Florida court overturns Binance.US suspension order
Earlier this year, Florida’s regulator banned Binance.US from serving its residents, citing “immediate danger” to the public as the reason for its decision. The regulator also pointed to Changpeng Zhao’s legal issues, as the founder and former CEO of Binance Holdings pleaded guilty to federal finance charges.
However, Binance.US argued that the suspension order contained procedural errors and misinterpreted local laws. The exchange also warned that suspending its license would lead to significant financial losses for over 170,000 accounts in Florida and highlighted the potential harm from the forced liquidation of customers’ digital assets.

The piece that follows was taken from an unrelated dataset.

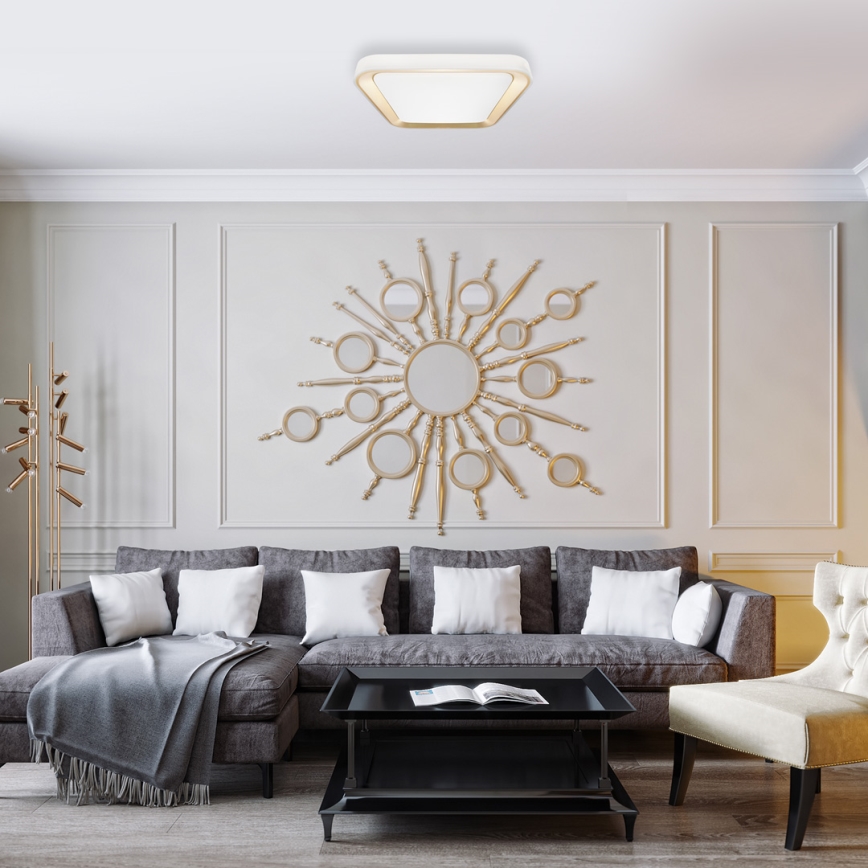 Lampada da soffitto dimmerabile LED QUADRO LED/38W/230V 3000-6000K bianco/oro + telecomando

In the ruling, the judges unanimously sided with Binance.US, noting that the Florida Office of Financial Regulation failed to justify that the process for arriving at its decision was fair under the circumstances.

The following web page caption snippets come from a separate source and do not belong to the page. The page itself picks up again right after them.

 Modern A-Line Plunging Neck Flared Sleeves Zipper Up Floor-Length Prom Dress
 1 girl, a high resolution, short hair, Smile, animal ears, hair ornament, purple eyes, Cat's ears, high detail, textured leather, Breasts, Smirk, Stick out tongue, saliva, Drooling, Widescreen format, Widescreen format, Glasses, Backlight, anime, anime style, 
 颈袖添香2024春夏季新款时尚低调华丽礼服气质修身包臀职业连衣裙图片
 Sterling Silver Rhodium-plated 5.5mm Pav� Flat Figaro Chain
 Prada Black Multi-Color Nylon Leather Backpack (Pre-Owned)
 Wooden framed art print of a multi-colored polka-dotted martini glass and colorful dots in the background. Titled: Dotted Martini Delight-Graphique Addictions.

The court further highlighted the possible financial harm from suspending the license and the potential damage to customers from forced liquidation. They wrote:
“A forced and untimely sale of Florida customers’ digital assets threatens financial harm because of digital asset price fluctuations. In addition, an account holder who is forced to sell a digital asset at a price higher than a cost basis would incur unplanned and extensive tax liabilities.”

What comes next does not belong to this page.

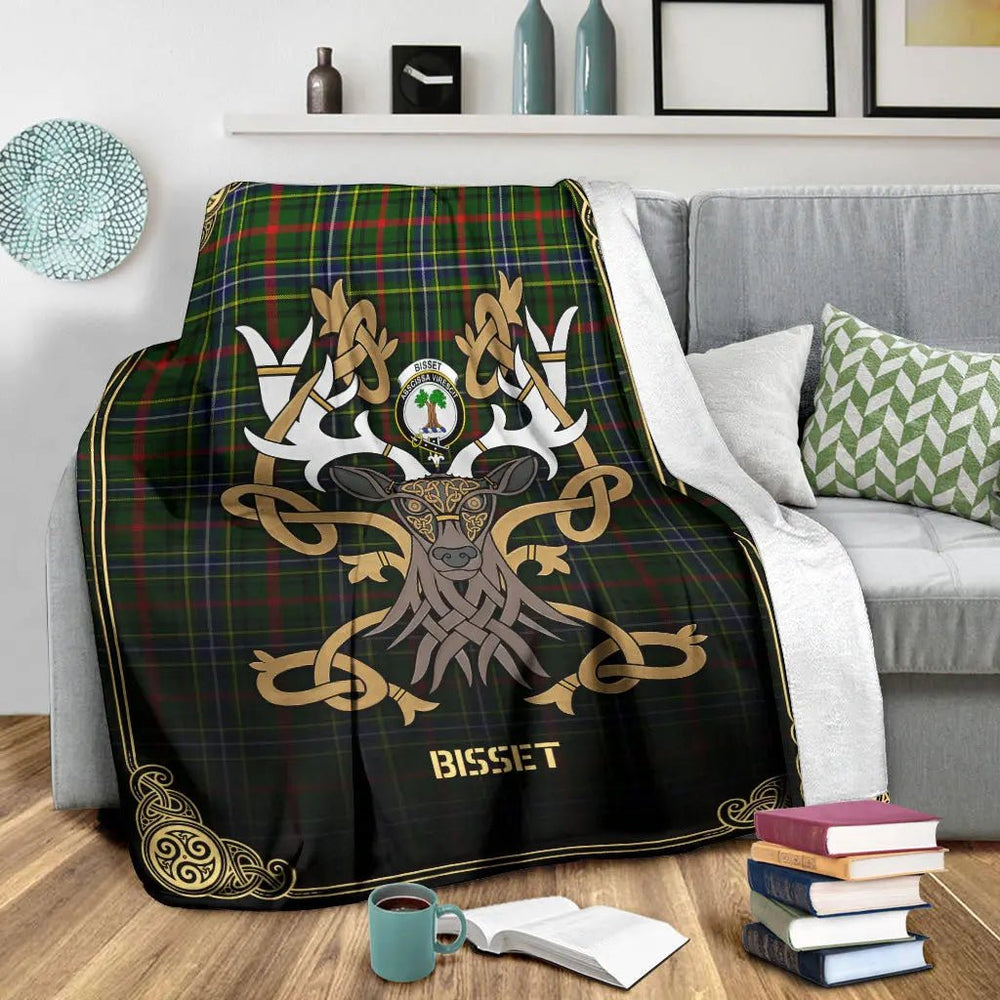 Clan Bisset Tartan Crest Premium Blanket Celtic Stag Style BV85 Clan Bisset Tartan Today   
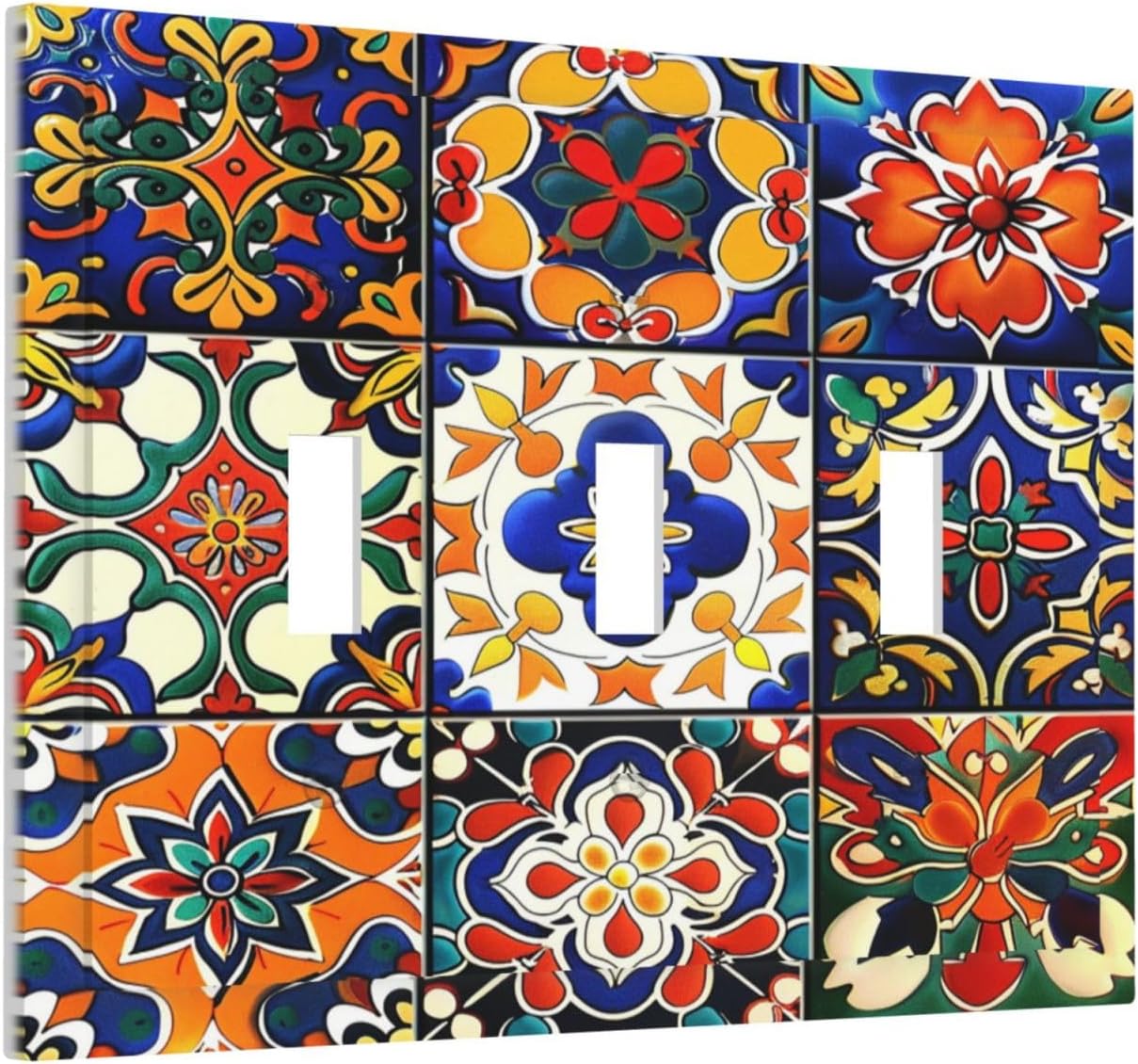 Decorative Switch Plates Colorful Mexican Talavera Vintage Boho Floral 3 Gang Wall Plate Triple Toggle Light Switch Cover Faceplate Electrical Wall Panels For Farmhouse Cabin Decor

Conclusively, the judges noted that the ESO failed to discuss alternative remedies or explain why less harsh measures would be insufficient to address the alleged emergency.
Binance.US is the US affiliate of Binance, the largest crypto trading platform by trading platform. The platform has slowly been rebuilding its customer base following the extensive regulatory scrutiny that collapsed its market share last year.
In April, the firm appointed Martin C. Grant, a former New York Federal Reserve Bank Compliance Chief, to its Board to improve compliance efforts and restore users’ trust in its services.